Fun things for “car guys” (and girls) to do on a weekend or longer excursion…
Favorite cars of America’s Car Museum
These and others can be seen at |
Let’s face it. We’ve all heard about how beautiful the Pacific Northwest is, with towering mountains, lakes and streams with fish that almost want to jump into your net, gorgeous coastline, plus other tourist attractions like the Seattle Space Needle. There are also major league sports teams where attendance can make for a pleasant afternoon or evening. And rumors of too many restaurants to choose from and fresh and interesting seafood dishes make the area all the more appealing.
So you’ve probably had the thought in the back of your head that this is an area you’d like to visit. It may even be high on your bucket list, with you just waiting for the right excuse to pop up to spur you into planning a trip to the northwest.
Well here’s your chance.
Thanks to the enthusiasm, forethought, and generosity of a benefactor in the Tacoma, Washington area, there are two spectacular collections of antique, classic, and other interesting vehicles and memorabilia within a couple of miles of each other, either of which is worth the trip. Together, they’re evidence of collections you’re unlikely to find so close together anywhere in the country.
The late Harold LeMay started out modestly, founding a bus transit company in the early 1940s, part of which he bartered for a trash collection company before spending two years serving in the Navy’s Seabees in World War II. Eventually he met his future wife Nancy, whom he married in 1963, learning that they shared a passion, not only for classic cars, but also for models, sales materials, and other memorabilia related to older cars, primarily U.S.-built models.
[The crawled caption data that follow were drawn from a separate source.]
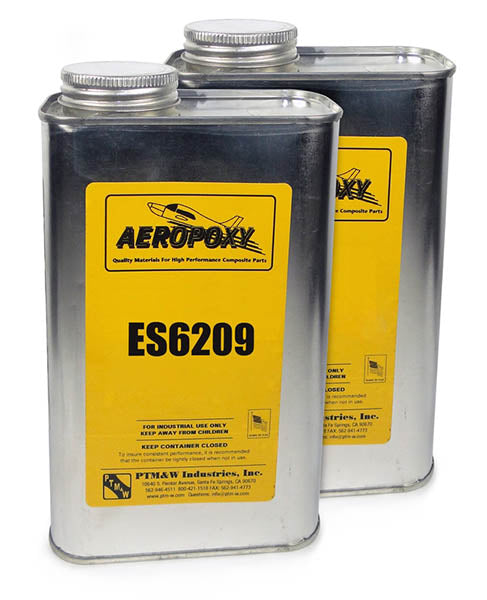 ES6209 Aeropoxy Quart A/B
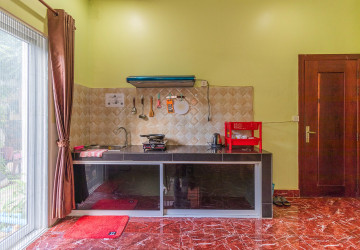 1 Bedroom Apartment For Rent - Svay Dangkum, Siem Reap thumbnail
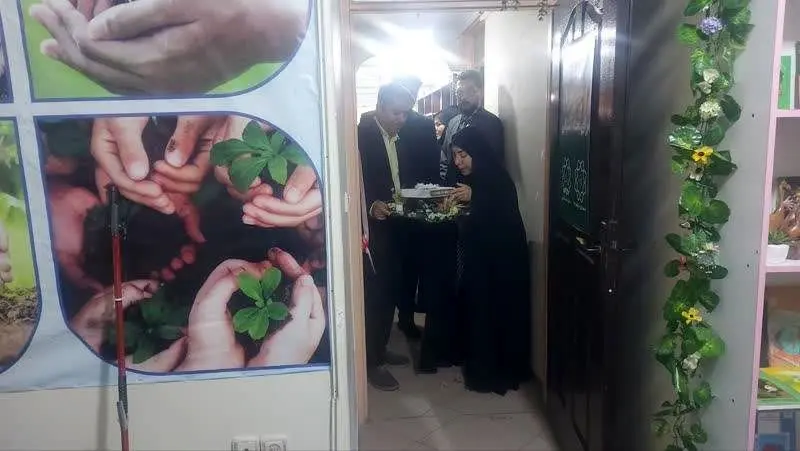 آغاز فعالیت ۴ خانه محیط زیست درسرای محلات شهرداری منطقه ۱۳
Harold and Nancy were shrewd business people, and their waste collection business prospered, allowing them to begin collecting interesting cars in earnest in the mid 1960’s. What started out as a sideline blossomed into a passion, with the collection growing at a dizzying pace. And by 1998, the LeMay family collection was listed in the Guinness Book of World Records as the “Largest Antique & Vintage Vehicle Collection” with more than 1,900 vehicles, and at one point they owned more than 3,000 individual vehicles of all types.
With a need for space large enough to store his collection and a desire to share his treasures with other enthusiasts, in the late 1980’s LeMay purchased an estate that had served as both a military academy and a retirement and convalescent community for the Sisters of Saint Dominic. Many of his vehicles were moved there, even as his collection grew, and he also used it as a display arena for period memorabilia that so fascinated his wife Nancy.
Sadly Harold LeMay passed away in 2000, leaving a mandate that his massive collection not be broken up and sold off, like so many others, but preserved and made available to the public to memorialize the legacy and ingenuity of the American automobile. He had already formed the Harold E. LeMay Museum organization in anticipation of the construction of a suitable facility in which many of his cars would be displayed, and where automotive enthusiasts from near and far could celebrate the evolution of the automobile in the U.S.
Thanks to a generous donation of some nine acres of prime real estate from the city of Tacoma, the die was cast for development and construction of a new and exciting facility. Nancy LeMay committed some fifteen million dollars as seed money, and promised that nearly a thousand cars from the collection would be provided to form the initial collection.
The effort received substantial support from the collector car community, with corporate sponsorships and partnerships with General Motors, AAA, International Speedway Corporation, NAPA Auto Parts, State Farm Insurance, and Hagerty Collector Car Insurance, among others.